The Environmental Protection Agency (EPA) has published a report which is extremely critical of the ESB Network's failure to report the leaking of large quantities of oil from underground cables over a prolonged period of time.
The report examined the leaking of oil from fluid filled underground electricity cables by the ESB Networks.
The cable leaks were highlighted in an RTÉ Investigates programme 'The ESB Leaks', which was broadcast on 5 June 2019.
The EPA report states that the "scale of the leaks from fluid filled cables has consistently exceeded the annual targets set by ESB Networks", and that the fluid filled cables need to be decommissioned "within as short a time as possible to minimise the environmental impact".
Fluid filled cables were installed for the transmission of electricity until the mid-1980's. Approximately 177km of fluid filled cables remain in service in Ireland under the control of ESB Networks.
The public disclosures of these leaks were first revealed in the RTÉ Investigates documentary. In the programme ESB Manager, Seamus O'Loughlin, described the scale of these leaks. He had previously made a protected disclosure to the Department of Communications, Climate Action and Environment on this matter, outlining the decades-long period the leaks had continued.
The EPA has confirmed that, contrary to claims by the ESB, the oil leaking from the cables is hazardous. In July 2019, the ESB Networks told the Oireachtas Committee on Communication, Climate Action and Environment that the oil "is readily biodegradable".
However, the EPA found that the oil is often a combination of fluid which "is not readily biodegradable in the environment" and that "such a mixture must be classified as hazardous."
The RTÉ Investigates programme and Seamus O'Loughlin's protected disclosures led to Oireachtas committee hearings into the leaks and the EPA investigation.
The EPA has now confirmed that prior to June 2019, the "ESB Networks failed in the case of 48 leaks to notify Local Authorities, in accordance with Section 14(1) of the Local Government".
In addition, ESB Networks failed to screen the impact of fluid leaks, which occurred since 1st April 2009, until after June 2019.
The EPA report states that it is now for the relevant local authorities to establish if a prosecution under Section 14 of the Local Government (Water Pollution) Act 1977 would be successful, appropriate or necessary.

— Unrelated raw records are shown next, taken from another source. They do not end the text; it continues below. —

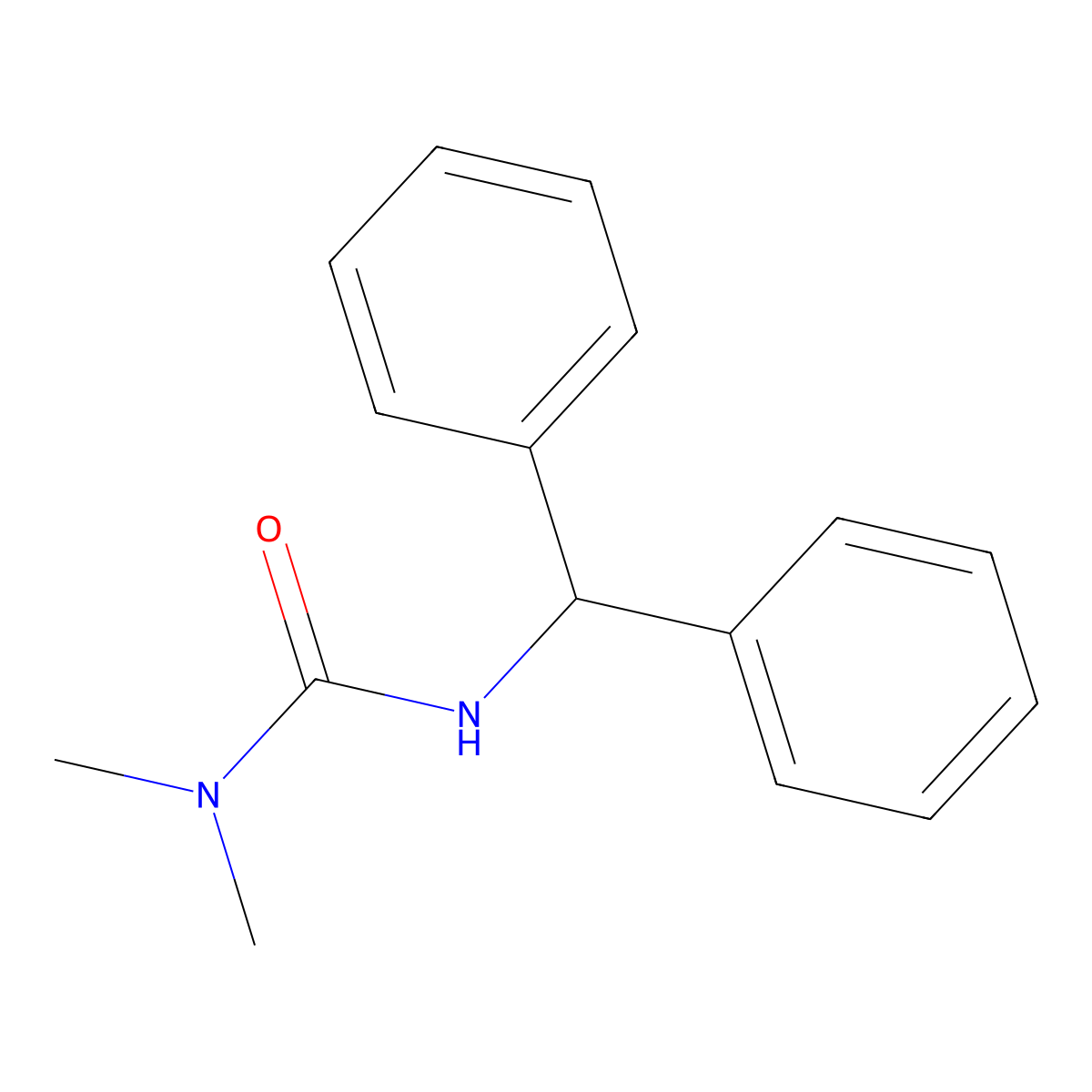 3-Benzhydryl-1,1-dimethylurea molecular structure, CAS 101288-65-7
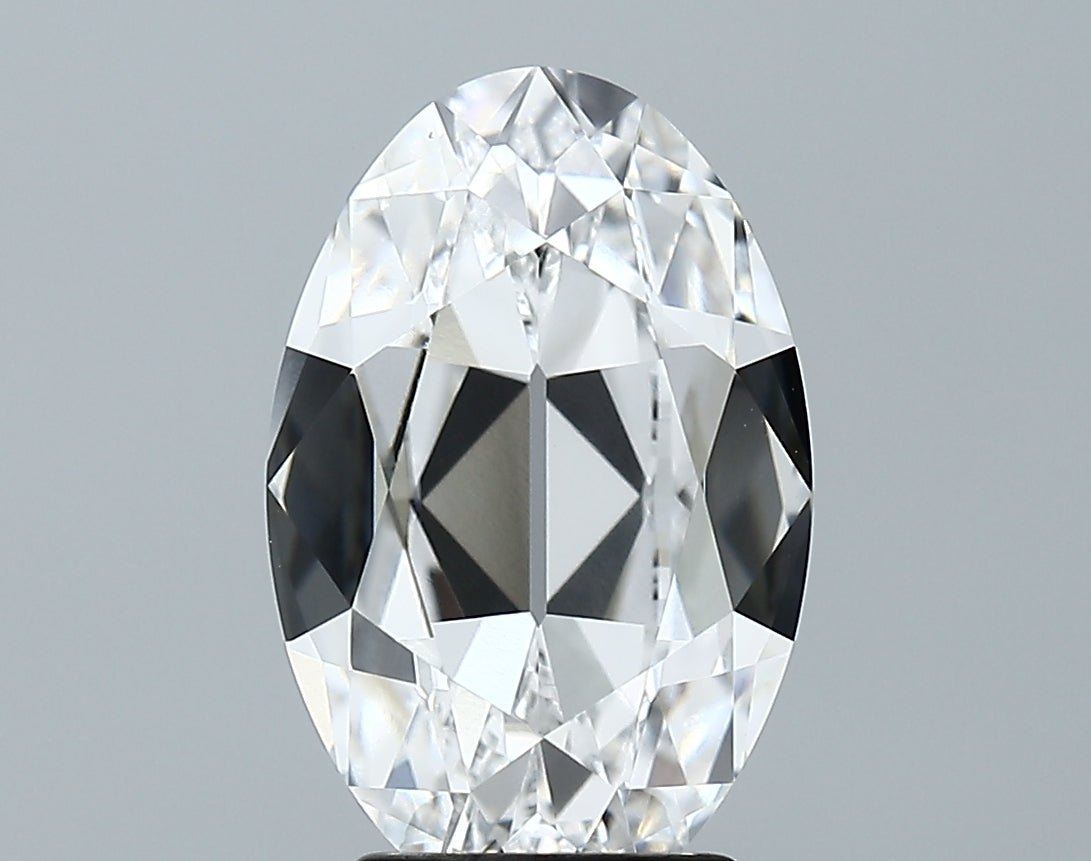 Lab-Grown 3.70 Carat Antique Oval Shape Diamond color E Clarity VVS2 With GIA Certificate, precious stones, engagement diamonds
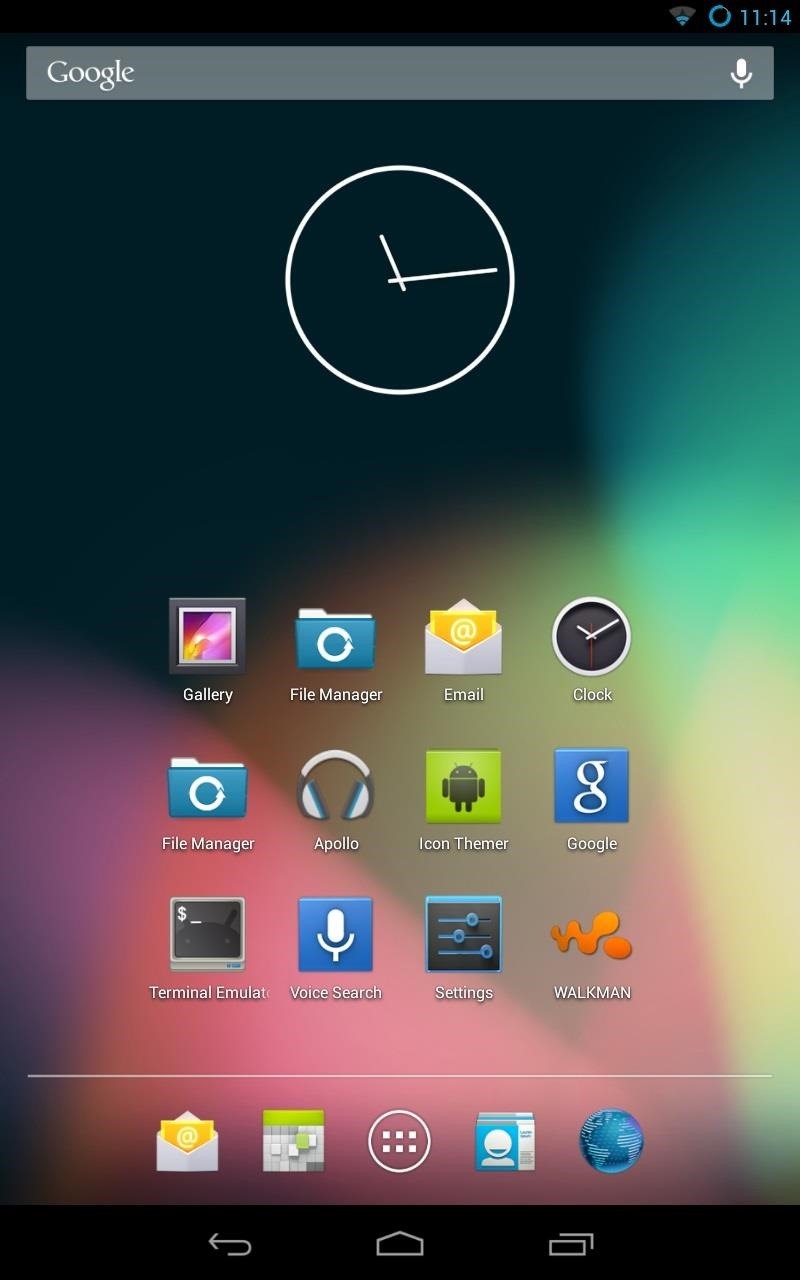 How to Customize the Android App Icons on Your Nexus 7 Tablet with Free Themes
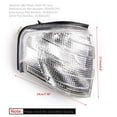thumbnail image 2 of Right Corner Lights Turn Signal Lamps Fit for Mercedes Benz C Class W202 1994-2000, 2 of 5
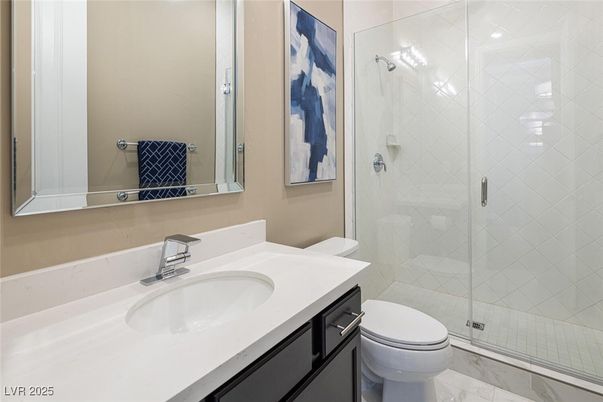 Bathroom, Glass Shower, Interior, Marble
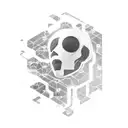 Ghost in the Shell-inspired cybernetic laptop tattoo design idea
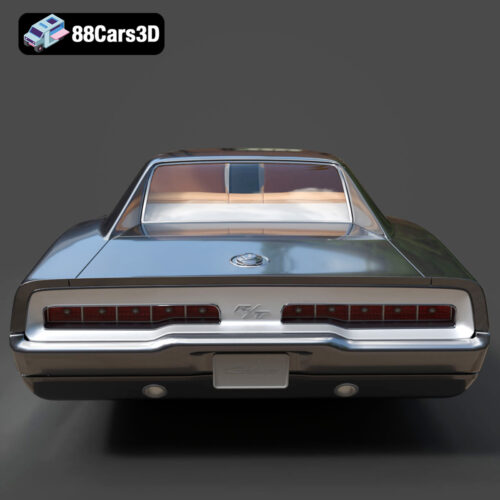 Dodge Charger 69 Custom 3D Model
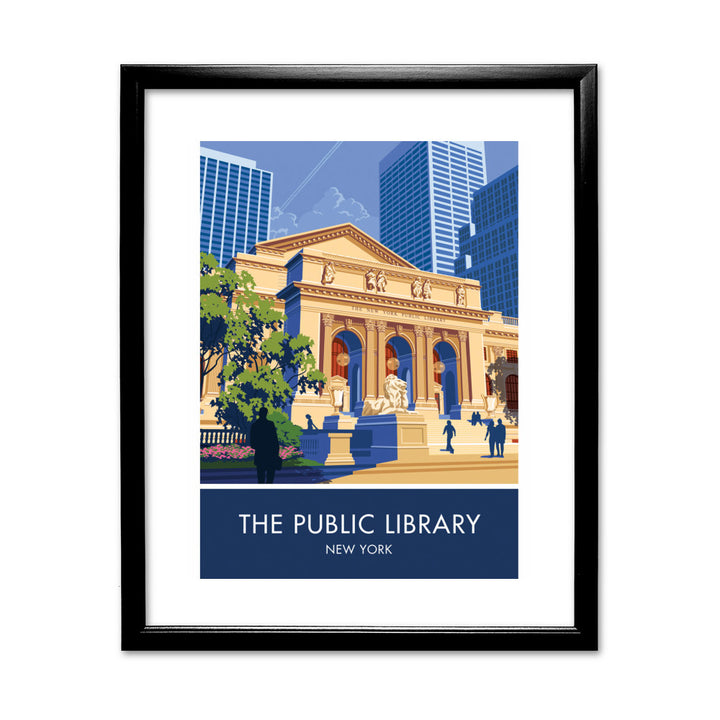 The Public Library, New York 11x14 Framed Print (Black)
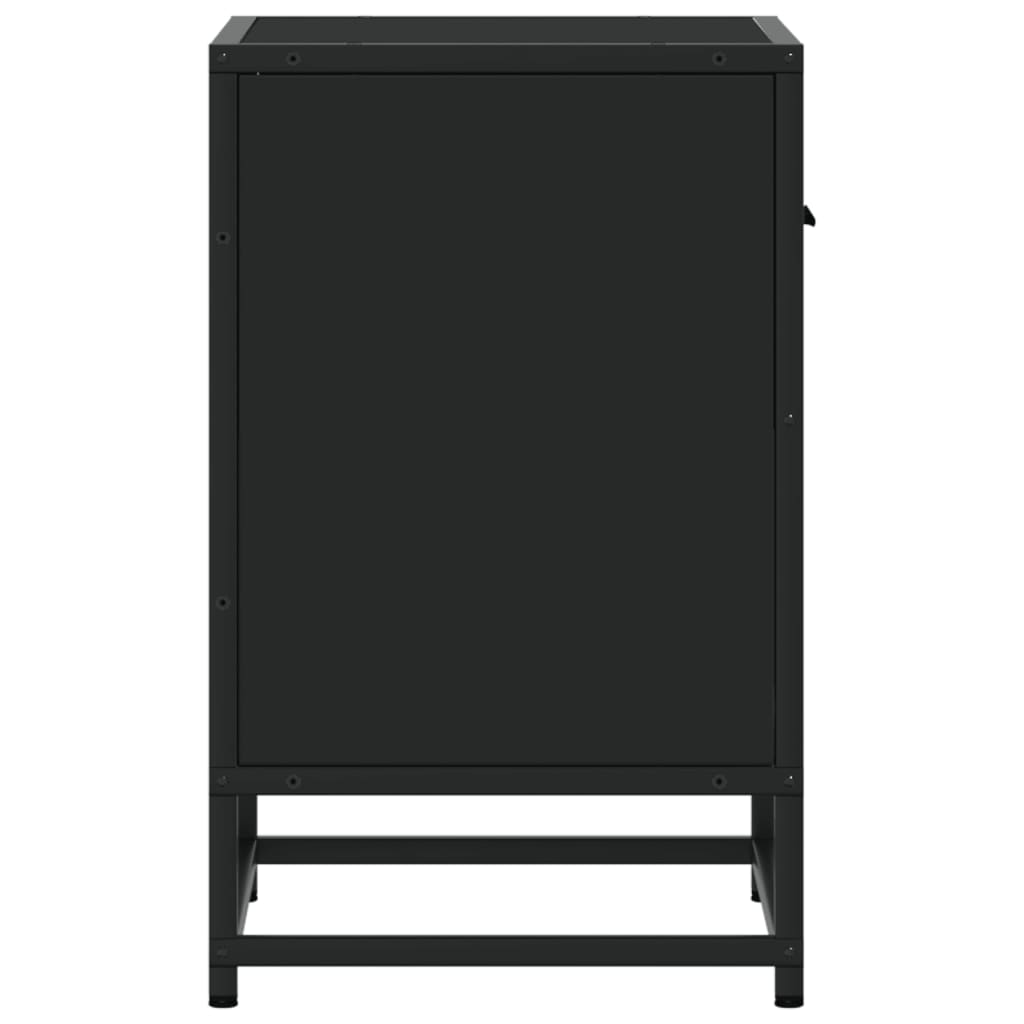 vidaXL Yöpöydät 2 kpl musta 40x31x50 cm tekninen puu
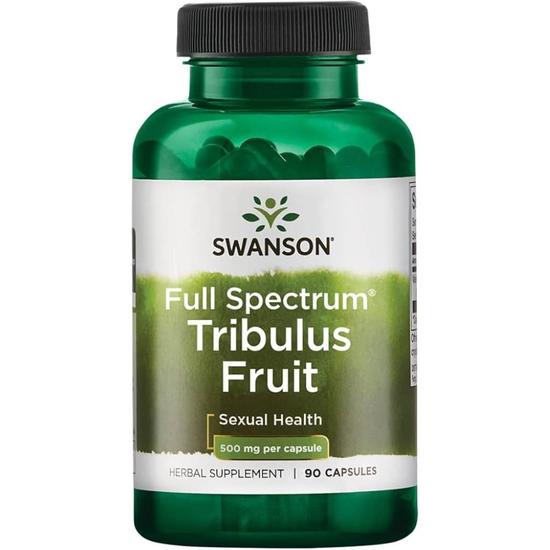 Swanson Full-Spectrum Tribulus Fruit 500mg Capsules 90 Capsules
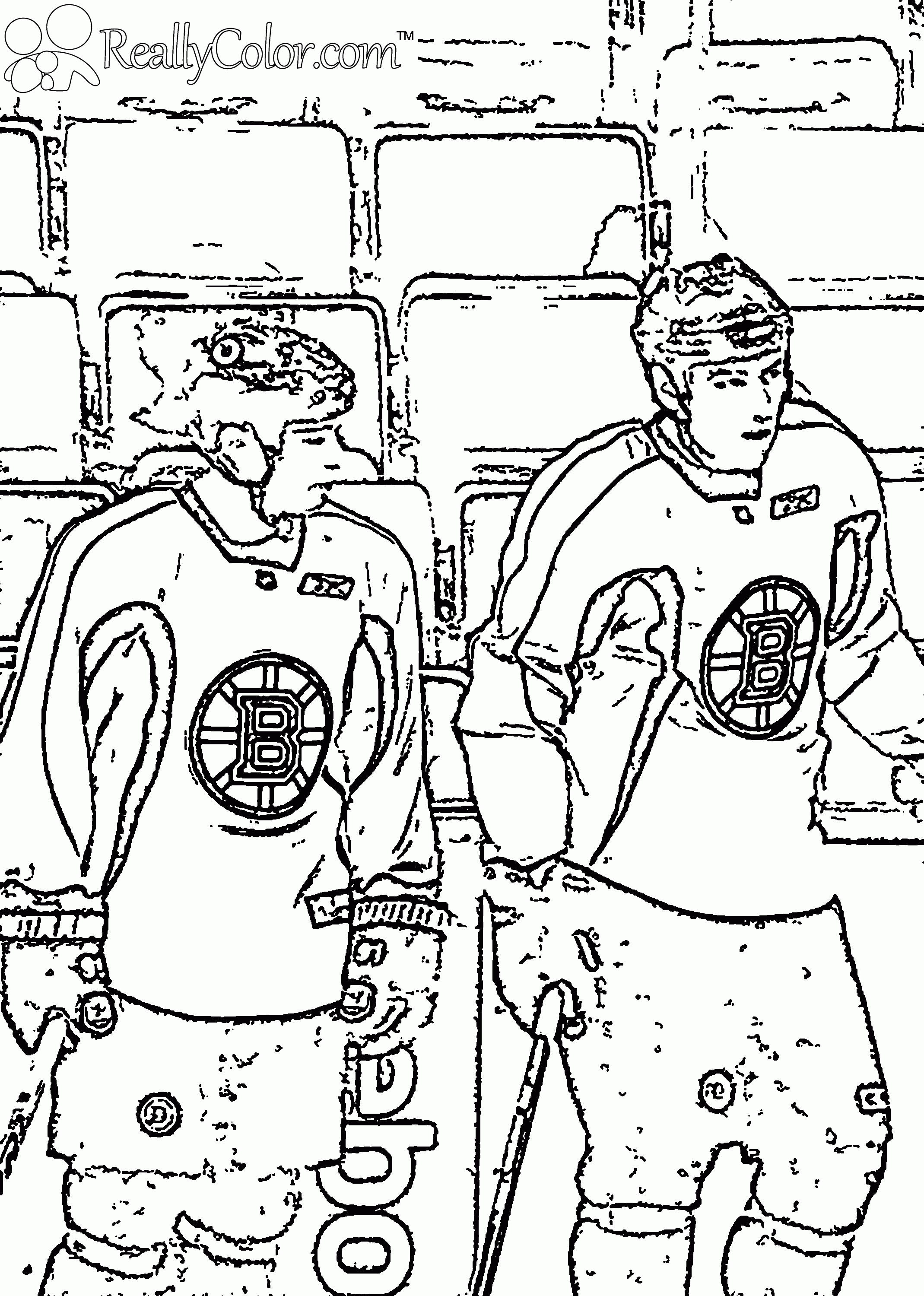 Boston Bruins Coloring Pages Coloring Pages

In preparing this report, the EPA sought detailed information from ESB Networks, the whistleblower Seamus O'Loughlin and numerous other state authorities.
The EPA report concluded there were 68 'historic' leaks between 1993 and June 2019 and a further 7 'current and new' leaks since June 2019. The locations and scale of each leak has been identified by ESB Networks and they are now undertaking site specific investigations of each episode.
ESB Networks has established two protocols since June 2019 to deal with historic and future leaks. The EPA is satisfied with the approach and protocols now being implemented by ESB Networks to assess each leak and to engage with the relevant Local authorities.
The EPA acknowledges that decommissioning of fluid filled cables can be a challenging process. but considers fluid filled cables that have a high occurrence of leakage and are in proximity to sensitive receptors should be prioritised for decommissioning.